Today I tried to do something which apparently is silly: Use Ollama on my Windows machine to run gpt-oss:20b, use it in VSCode’s Copilot-chat, and also use it on WSL for my Linux (web) projects. This is, apparently, difficult. To document my findings instead of a “nvm fixed it”, here’s the stuff I did:
- Tell Ollama (running on Windows) to broadcast/be available on the network by assigning it to 0.0.0.0:11434 instead of localhost.
- Tell the remote settings for WSL to look for Ollama on the Windows IP. The preference is
"github.copilot.chat.byok.ollamaEndpoint": "http://172.x.x.x:11434". - Tell the Windows firewall to let traffic through. This can be done in “Windows defender firewall with advanced security”. You need to open port 11434 to both incoming and outgoing connections.
- Click the model thing in VSCode’s copilot chat -> Manage models -> Ollama and tick all the models you currently have downloaded.
- In the Ollama app on Windows, tweak the context size to match your GPU. A 3090 can, apparently, *just* barely contain 32k of context for gpt-oss:20b. If you use too much VRAM, Ollama will frequently crash out without response, or give up trying to fit onto the GPU and attempt the CPU instead.
- Ollama must be running before you attempt to locate it in Copilot chat.
- On WSL, Ollama can be summoned via Ollama.exe.

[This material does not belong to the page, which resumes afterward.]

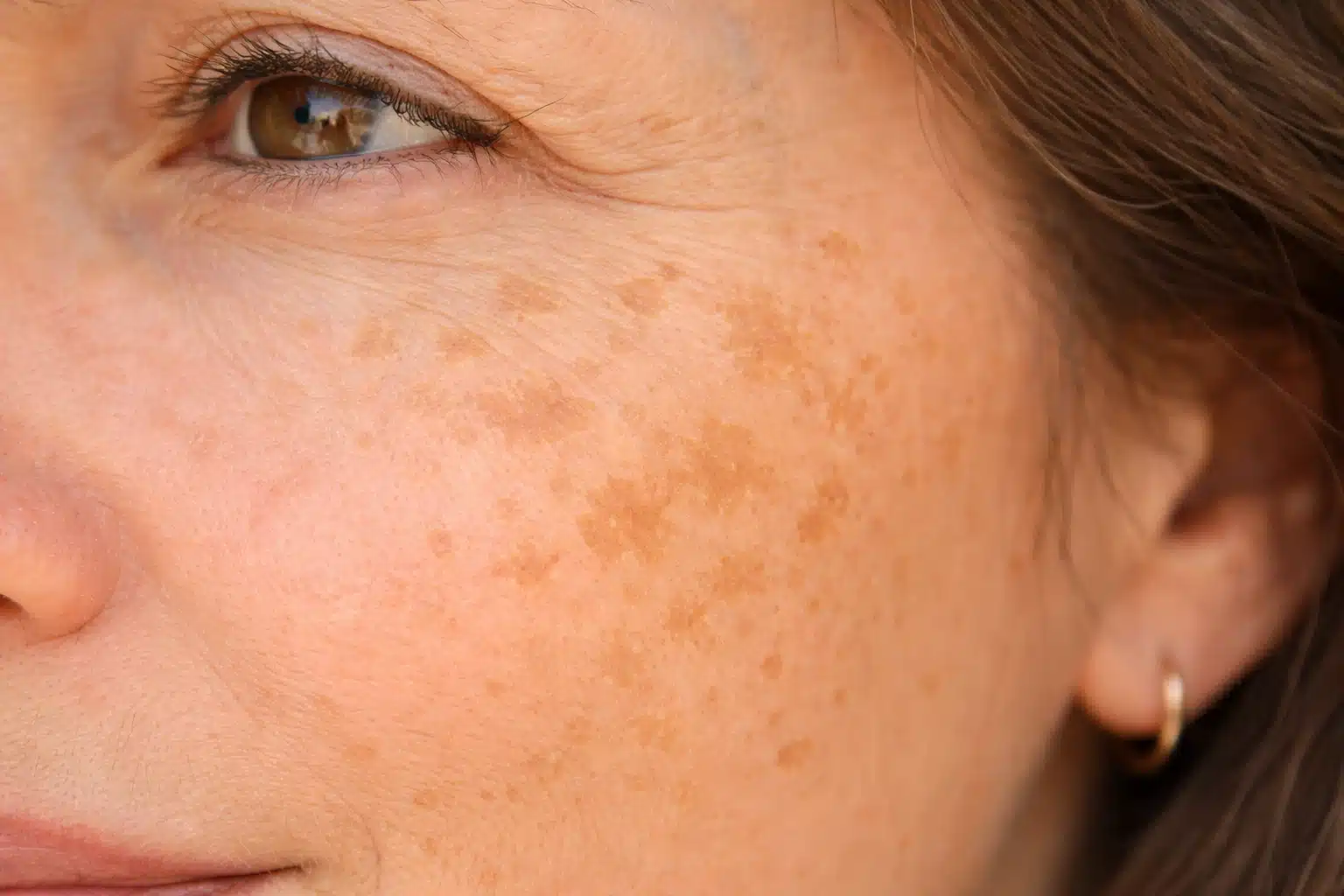 Close up of cheek with sunspots and age spots showing uneven pigmentation and small brown patches on mature skin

You’ll need to alias
ollama=ollama.exeif you want to control it from within WSL. - Different models show up in different Copilot chat modes. So even if you’ve correctly installed/selected some models, they can fall out of the list of models you’re allowed to use (and simply not show up) when you switch mode.
That’s all I know. It works on my system now, please ask someone else if you run into trouble with this.